Aimless Reading: The O's, Part 7.2 (Eugene O'Neill)

O'Neill, Eugene
Long Day's Journey Into Night


Purchased at the Fordham University bookstore for a course on American theater.

I don't remember it too clearly, but I am pretty sure I saw this with my father, too. Probably when I was a teenager, probably at the Arena Stage in DC. Our theater-going continued when I went off to college.

My father would come to New York to visit once or twice a year. He ran a high school basketball tournament in DC that tried to bring in all the best high school teams from around the country to play each December. Many of the teams he invited came from New York, so he often combined trips to visit me with trips to visit high school basketball coaches in the New York Area.

Whenever he visited, he tried to take me to see a play on Broadway. We saw "Six Degrees of Separation" during its original run. "Les Miserables," also. We went to see "Dancing at Lughnasa" (he loved Irish plays). I remember seeing Ethan Hawke standing in the lobby, smoking and looking very hipsterish.

Once we went to see Oscar Wilde's "Salome," starring Al Pacino as Herod and Sheryl Lee (Laura Palmer on Twin Peaks) as Salome. I remember her Dance of the Seven Veils ended with her stark naked and spread eagled on the stage. It was theater in the round, so part of the audience got the money shot. I think she had her back to us.

I am sure we went to others, but that's the last one I remember off the top of my head. Oddly, we never saw an O'Neill play in New York.

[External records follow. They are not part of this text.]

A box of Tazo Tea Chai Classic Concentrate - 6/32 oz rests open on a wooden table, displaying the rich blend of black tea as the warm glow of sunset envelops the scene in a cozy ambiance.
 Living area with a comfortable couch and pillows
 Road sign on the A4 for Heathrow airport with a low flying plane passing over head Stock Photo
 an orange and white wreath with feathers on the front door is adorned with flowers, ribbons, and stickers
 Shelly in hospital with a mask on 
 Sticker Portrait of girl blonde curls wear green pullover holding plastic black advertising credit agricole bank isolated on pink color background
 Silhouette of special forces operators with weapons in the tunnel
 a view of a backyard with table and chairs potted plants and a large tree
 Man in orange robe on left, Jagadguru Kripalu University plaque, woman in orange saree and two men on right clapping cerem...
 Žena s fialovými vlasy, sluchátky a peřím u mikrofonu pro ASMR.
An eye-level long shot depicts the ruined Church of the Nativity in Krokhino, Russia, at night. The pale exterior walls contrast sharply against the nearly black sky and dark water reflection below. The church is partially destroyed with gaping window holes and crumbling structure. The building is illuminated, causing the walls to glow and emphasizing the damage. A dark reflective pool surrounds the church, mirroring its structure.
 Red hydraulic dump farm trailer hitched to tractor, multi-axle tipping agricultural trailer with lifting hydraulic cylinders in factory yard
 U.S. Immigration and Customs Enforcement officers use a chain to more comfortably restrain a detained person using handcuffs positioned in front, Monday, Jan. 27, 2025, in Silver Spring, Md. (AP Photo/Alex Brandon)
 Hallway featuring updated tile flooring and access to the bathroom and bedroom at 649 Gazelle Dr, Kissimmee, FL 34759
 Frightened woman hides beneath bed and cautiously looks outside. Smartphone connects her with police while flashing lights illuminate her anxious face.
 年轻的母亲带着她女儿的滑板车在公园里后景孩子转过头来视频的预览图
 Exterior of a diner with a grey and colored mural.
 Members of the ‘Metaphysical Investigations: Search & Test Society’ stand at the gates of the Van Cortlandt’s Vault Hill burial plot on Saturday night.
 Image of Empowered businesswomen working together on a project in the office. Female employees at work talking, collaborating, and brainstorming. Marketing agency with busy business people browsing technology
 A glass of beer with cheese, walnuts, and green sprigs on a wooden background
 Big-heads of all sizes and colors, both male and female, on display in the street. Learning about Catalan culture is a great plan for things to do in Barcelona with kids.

from Long Day's Journey Into Night

EDMUND (with alcoholic talkativeness): You've just told me some high spots in your memories. Want to hear mine? They're all connected with the sea. Here's one. When I was on the Squarehead square rigger, bound for Buenos Aires. Full moon in the Trades. The old hooker driving fourteen knots. I lay on the bowsprit, facing astern, with the water foaming into spume under me, the masts with every sail white in the moonlight, towering high above me. I became drunk with the beauty and singing rhythm of it, and for a moment I lost myself -- actually lost my life. I was set free! I dissolved in the sea, became white sails and flying spray, became beauty and rhythm, became moonlight and the ship and the high dim-starred sky! I belonged, without past or future, within peace and unity and a wild joy, within something greater than my own life, or the life of Man, to Life itself! To God, if you want to put it that way. Then another time, on the American Line, when I was lookout on the crow's nest in the dawn watch. A calm sea, that time. Only a lazy ground swell and a slow drowsy roll of the ship. The passengers asleep and none of the crew in sight. No sound of man. Black smoke pouring from the funnels behind and beneath me. Dreaming, not keeping lookout, feeling alone, and above, and apart, watching the dawn creep like a painted dream over the sky and sea which slept together. Then the moment of ecstatic freedom came. The peace, the end of the quest, the last harbor, the joy of belonging to a fulfillment beyond men's lousy, pitiful, greedy fears and hopes and dreams! And several other times in my life, when I was swimming far out, or lying alone on a beach, I have had the same experience. Became the sun, the hot sand, green seaweed anchored to a rock, swaying in the tide. Like a saint's vision of beatitude. Like the veil of things as they seem drawn back by an unseen hand. For a second you see -- and seeing the secret, are the secret. For a second there is meaning! Then the hand lets the veil fall and you are alone, lost in the fog again, and you stumble on toward nowhere, for no good reason!

(He grins wryly.)

It was a great mistake, my being born a man, I would have been much more successful as a sea gull or a fish. As it is, I will always be a stranger who never feels at home, who does not really want and is not really wanted, who can never belong, who must always be a little in love with death!